Build quality: The M6 runs away and hides here. It, simply put, has the best build quality of any mass produced light, consistent with Surefire’s history. The Tigerlight is well built and incredibly tough, with the build of a Sherman tank. Watch Tigerlights online demo of a light being thrown down the street and hit by a bat and you become a believer. Alone among the lights, though, it has a Lexan lens, much more likely to be scratched than the glass lenses in the M6 and MC. Tigerlight mitigates this by giving you a new lens with each lamp assembly, however. The Lexan lens also makes the lens tougher to break in those dropped or struck lights. The bezel threads are not as smooth as the bezel threads on the MC. The dual rings of the MC are more elegant than the TigerLight charging pins in my mind, and the system allows easier engagement than the TL system, although this is nitpicky on my part as both are very easy to engage. Score M6-10, MC-7, TL-7.

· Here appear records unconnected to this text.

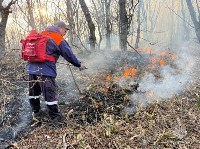 Пожар у села Дубовое тушили 111 человек, Фото: 1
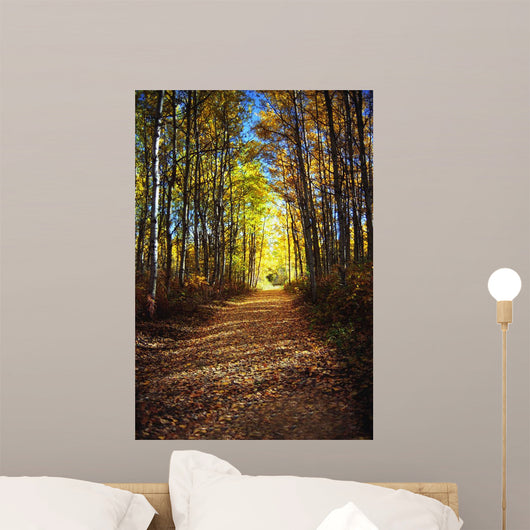 Forest Path In Autumn Wall Mural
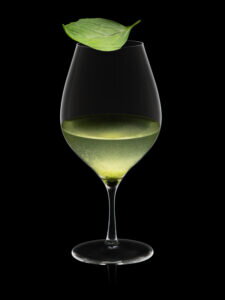 TRIBUTE Cuvée kalich 340ml RONA* TS  6OK/24/PK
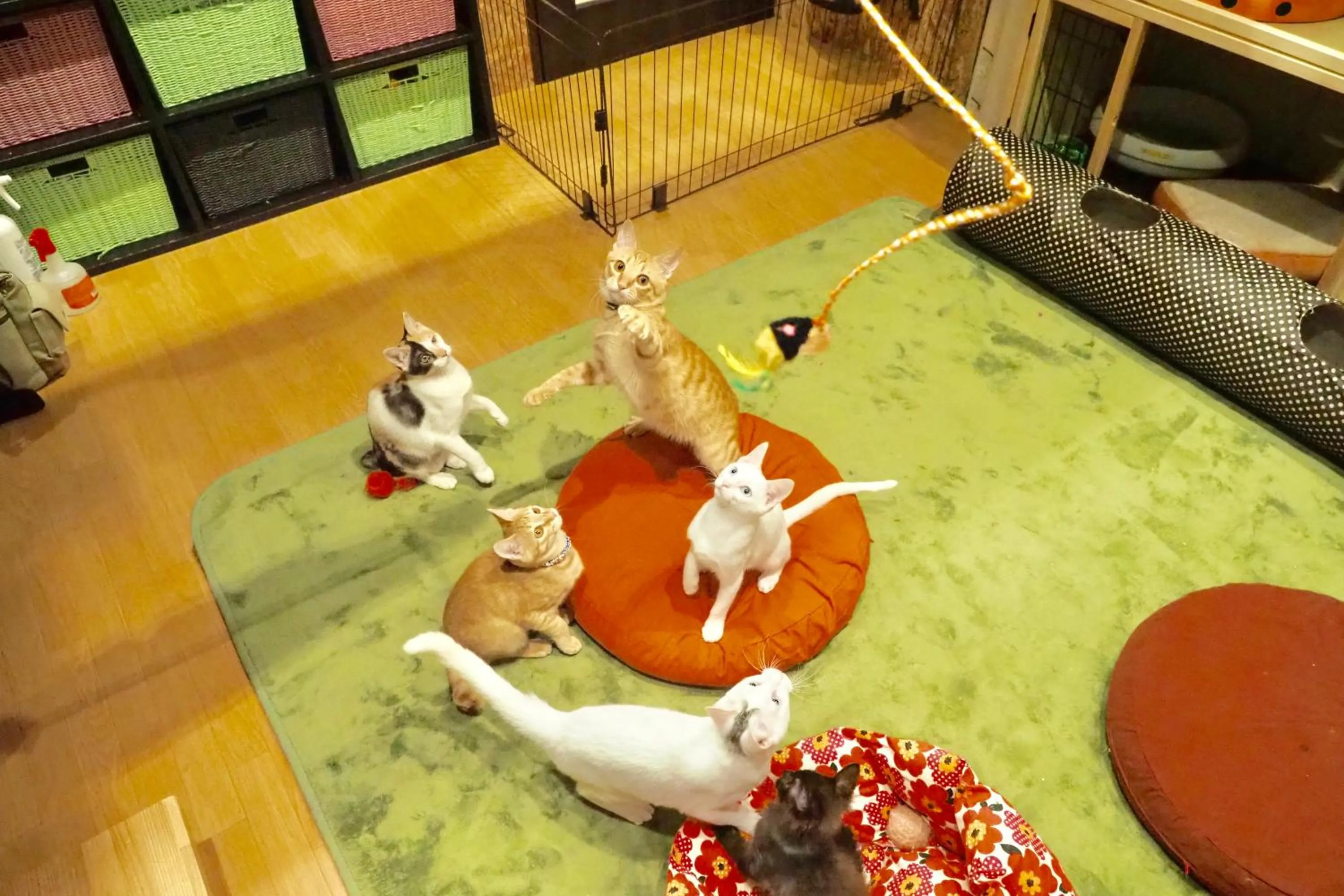 Animals in Nekokura Hostel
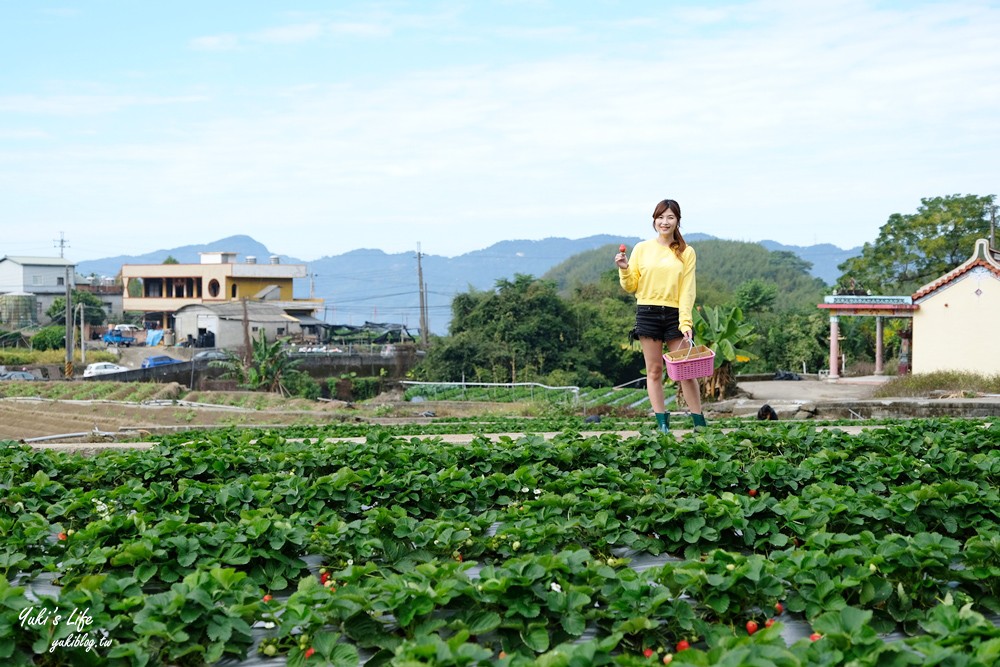 大湖草莓園推薦「莓李帽」苗栗馬拉邦山梯田式草莓園也太美！草莓餐療癒你的心 - yuki.tw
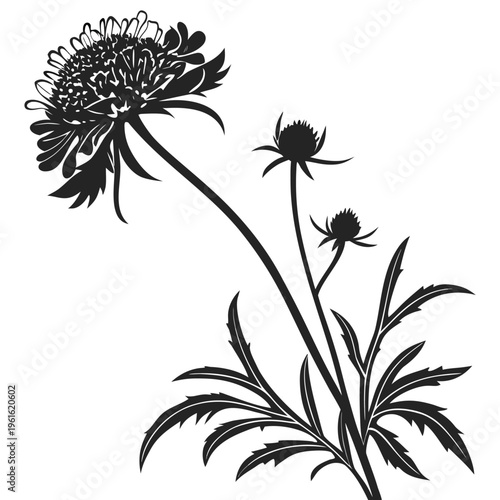 silhouette of scabiosa pincushion flower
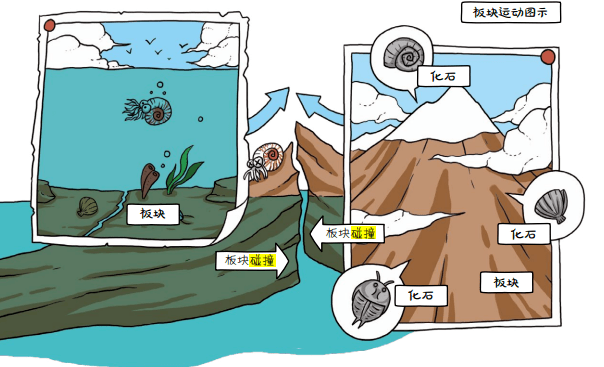 这种互相挤碰的运动,就是板块运动你碰碰我,我碰碰你就这样,大陆和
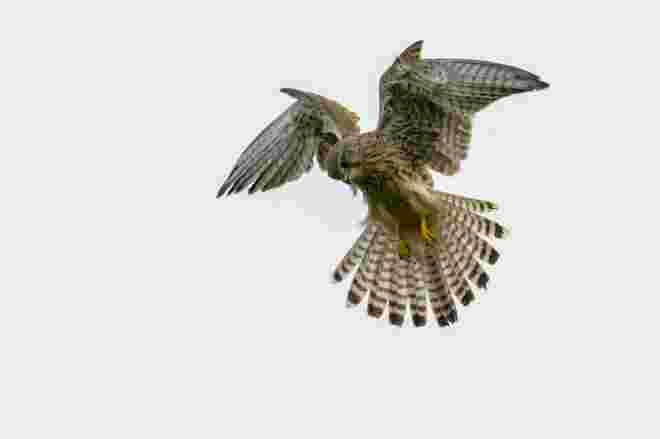 Turmfalke bei der Jagd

Runtime: As mentioned above, the Surefire uses primary cells, while the other two are rechargeables. The MC, by virtue of it’s sheer size, has an advantage. Score MC-10, 
TL-9, M6-9. 

Light output: I should start by saying that flashlights cannot be rated solely by numbers. Lux/Lumen readings mean nothing, if the quality of the light is poor. A laser has an incredibly high Lux rating, but is useless as a light. So the lux readings I have undertaken are nothing more than an attempt to quantify the overall ambience of the respective lights, not the be all and end all of the light. There is little doubt that Surefire underrates the output of its lights. The 250 lumen MN20 obviously puts out more light than either of the other 2, regardless of what the ratings are. The ceiling bounce test shows a significant difference, easily discernable by everyone in my family. The TL and MC are much closer, with the TL winning by the slightest of margins. Measured output, though, shows why Lux readings of the hotspot do not do justice to lights. At 4 meters the average light output of the hotspots, measured at the greatest intensity and then at 2 inches around that spot, show that the Surefire wins with an average of 1638, using the inverse square law, the 1 meter equivalent would be 26,208 Lux, the MC is second at 1602, 1 meter equivalent of 25,632 Lux, and the TL is last at 1470, or a 1 meter equivalent of 22,432. However, measuring the corona at 1 foot from the hotspot shows a lux reading of 140 for the TL, 100 for the M6, and only 80 for the MC, where that tight spot hurts overall light distribution! If I had simply used the highest Lux reading, without averaging, the MC would have scored 31,200. The M6 would measure 28,640 and the TL, 27,040. As a point of reference, I had deliberately NOT read Quickbeams (flashlightreviews.com) reviews of the MagCharger and Tigerlight until I finished mine. Interestingly, we came very close to matching the numbers for output. Score Surefire M6 10, TL-8, MC-7. 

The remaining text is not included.